An additional title was adopted by Hitler on 23 June 1941 when he declared himself the "Germanic Führer" (Germanischer Führer), in addition to his duties as Führer of the German state and people. This was done to emphasise Hitler's professed leadership of what the Nazis described as the "Nordic-Germanic master race", which was considered to include peoples such as the Norwegians, Danes, Swedes, Dutch, and others in addition to the Germans, and the intent to annex these countries to the German Reich to form the Greater Germanic Reich (Großgermanisches Reich deutscher Nation). Waffen-SS formations from these countries had to declare obedience to Hitler by addressing him in this fashion. On 12 December 1941, Dutch fascist Anton Mussert also addressed him as such when he proclaimed his allegiance to Hitler during a visit to the Reich Chancellery in Berlin. He had wanted to address Hitler as Führer aller Germanen ("Führer of all Germanics"), but Hitler personally decreed the former style. Historian Loe de Jong speculates on the difference between the two: Führer aller Germanen implied a position separate from Hitler's role as Führer und Reichskanzler des Grossdeutschen Reiches ("Führer and Reich Chancellor of the Greater German Reich"), while germanischer Führer served more as an attribute of that main function. As late as 1944, however, occasional propaganda publications continued to refer to him by this unofficial title.

===Führerprinzip===

One of the Nazis' most-repeated political slogans was Ein Volk, ein Reich, ein Führer – "One People, One Empire, One Leader". Historian Joseph Bendersky says the slogan "left an indelible mark on the minds of most Germans who lived through the Nazi years. It appeared on countless posters and in publications; it was heard constantly in radio broadcasts and speeches." The slogan emphasised the absolute control of the leader over practically every sector of German society and culture – with the churches being formally the most notable exception. The designation Führer itself was initially used only in the context of the Nazi Party, though its meaning gradually sprawled to cover the German state, the German Armed Forces, the German nation, and ultimately all the Germanic peoples.
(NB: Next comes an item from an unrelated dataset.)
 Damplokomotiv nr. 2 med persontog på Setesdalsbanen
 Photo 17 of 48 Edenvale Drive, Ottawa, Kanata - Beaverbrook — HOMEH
Hitler's word became in practice absolute and ultimate, even when incompatible with the constitution, as he saw himself as the sole source of power in Germany, similar to the Roman emperors and German early medieval leaders. In spite of that, he took great care to maintain the pretence of legality of his dictatorship. He issued thousands of decrees that were based explicitly on the Reichstag Fire Decree. That decree itself was based on Article 48 of the constitution, which gave the president the power to take measures deemed necessary to protect public order. The Enabling Act was renewed in 1937 for four years and again in 1939 for four years by the Reichstag. In 1943, it was extended indefinitely by a decree from Hitler himself. Those extensions by the Reichstag were merely a formality with all other parties having been banned.
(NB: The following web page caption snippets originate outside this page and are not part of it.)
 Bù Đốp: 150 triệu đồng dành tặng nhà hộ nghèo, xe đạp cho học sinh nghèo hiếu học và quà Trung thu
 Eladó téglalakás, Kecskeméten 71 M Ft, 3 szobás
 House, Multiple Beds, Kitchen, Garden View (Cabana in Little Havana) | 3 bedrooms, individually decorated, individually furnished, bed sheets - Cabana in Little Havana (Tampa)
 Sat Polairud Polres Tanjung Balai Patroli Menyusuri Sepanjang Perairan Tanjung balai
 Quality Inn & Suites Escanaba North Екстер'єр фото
However, Hitler had a narrow range of interest – mostly involving diplomacy and the military – and so his subordinates interpreted his vaguely formulated orders and wishes in a manner beneficial to their own interests or those of their organisations. This led to vicious power wrangles that were immensely beneficial to Hitler in aiding him to ensure that no subordinate amassed enough power to challenge or jeopardise his absolute rule.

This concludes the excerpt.